Start of Data shown

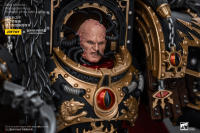 Sons of Horus Warmaster Horus Primarch of the XVlth Legion 8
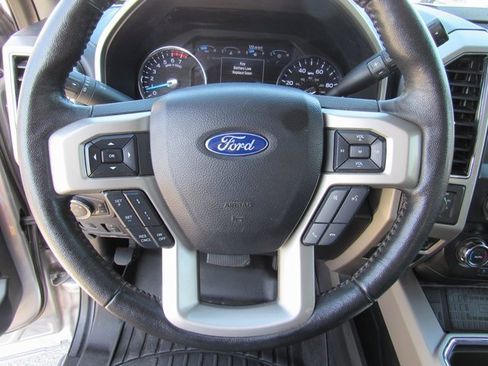 Used 2020 Ford F250 Lariat image 20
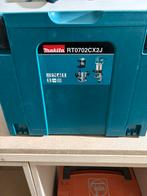 Défonceuse Makita, Bricolage & Construction, Électrique, MAKITA, Routeur, Comme neuf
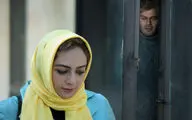 پژمان بازغی و یکتا ناصر در ˝فصل نرگس˝
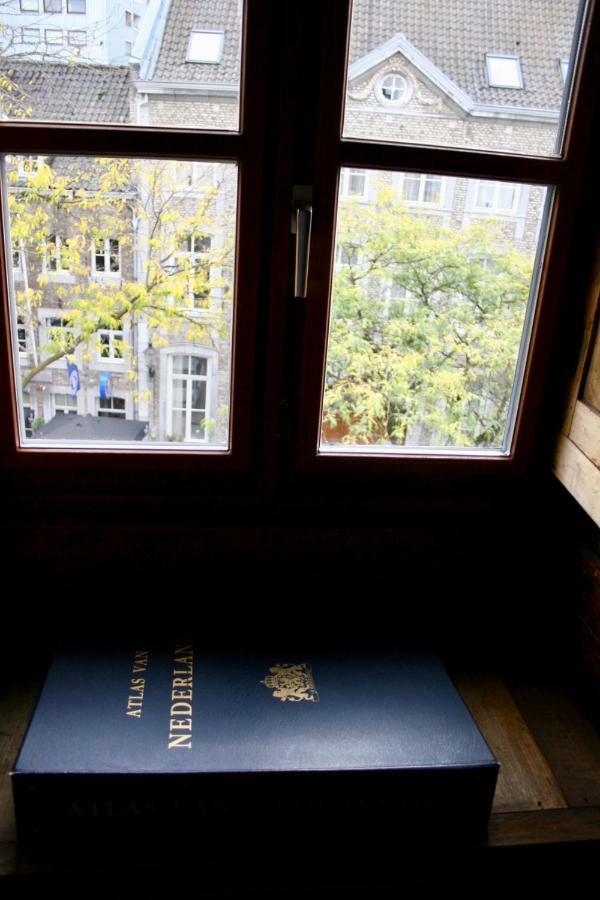 Au Lion D'or Bed & Breakfast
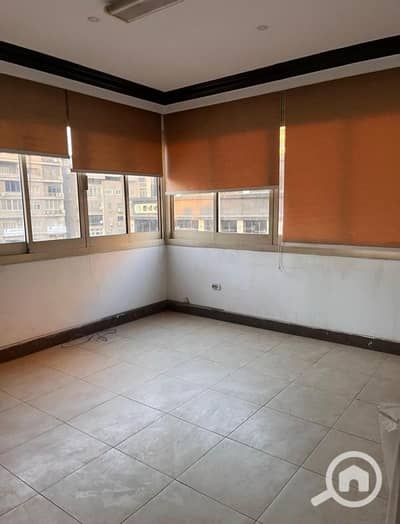 2 Bedroom Apartment for Rent in Mohandessin, Giza - للإيجار بالمهندسين شقه تطل علي البطل احمدعبد العزيز من المالك مباشره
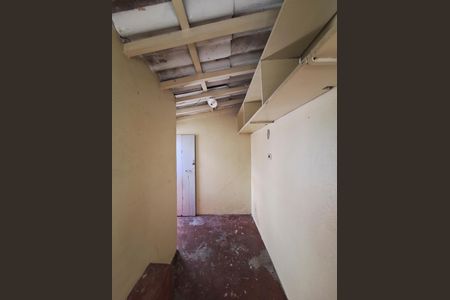 Casa para alugar com 150m², 2 quartos e sem vaga Casa para alugar com 150m², 2 quartos e sem vagaBanheiro de serviço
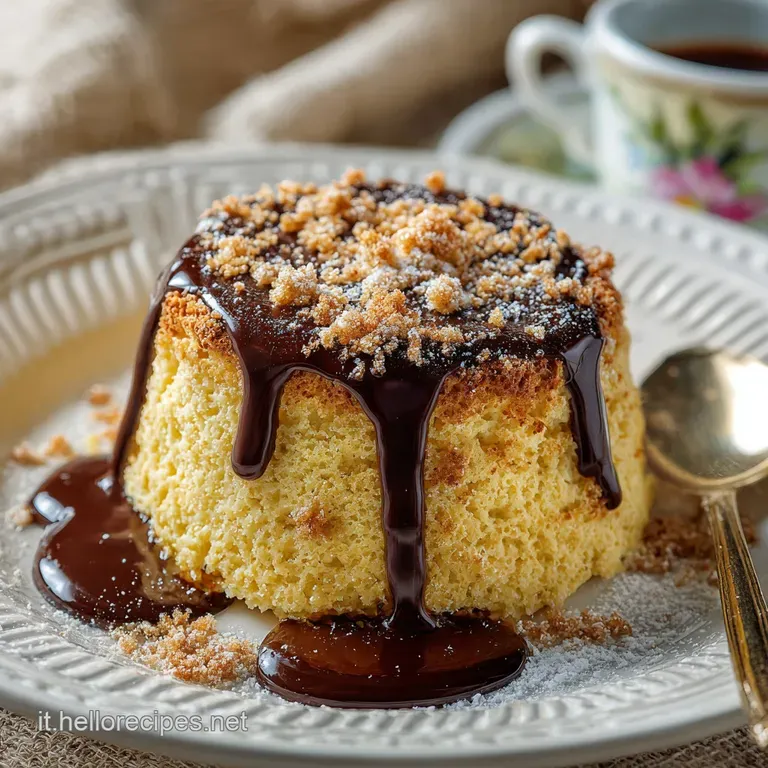 Bign&egrave; Craquelin Perfetti Lincontro Divino Tra Croccantezza E Crema Pasticcera presentation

End of Data shown

- [Brief] Go to the line above that has "Défonceuse Makita, Bricolage" and copy exactly from there down to the line that has "Au Lion D'or Bed & Breakfast", both included. Leave the pictures out.

- [Task solution]
 Défonceuse Makita, Bricolage & Construction, Électrique, MAKITA, Routeur, Comme neuf
 پژمان بازغی و یکتا ناصر در ˝فصل نرگس˝
 Au Lion D'or Bed & Breakfast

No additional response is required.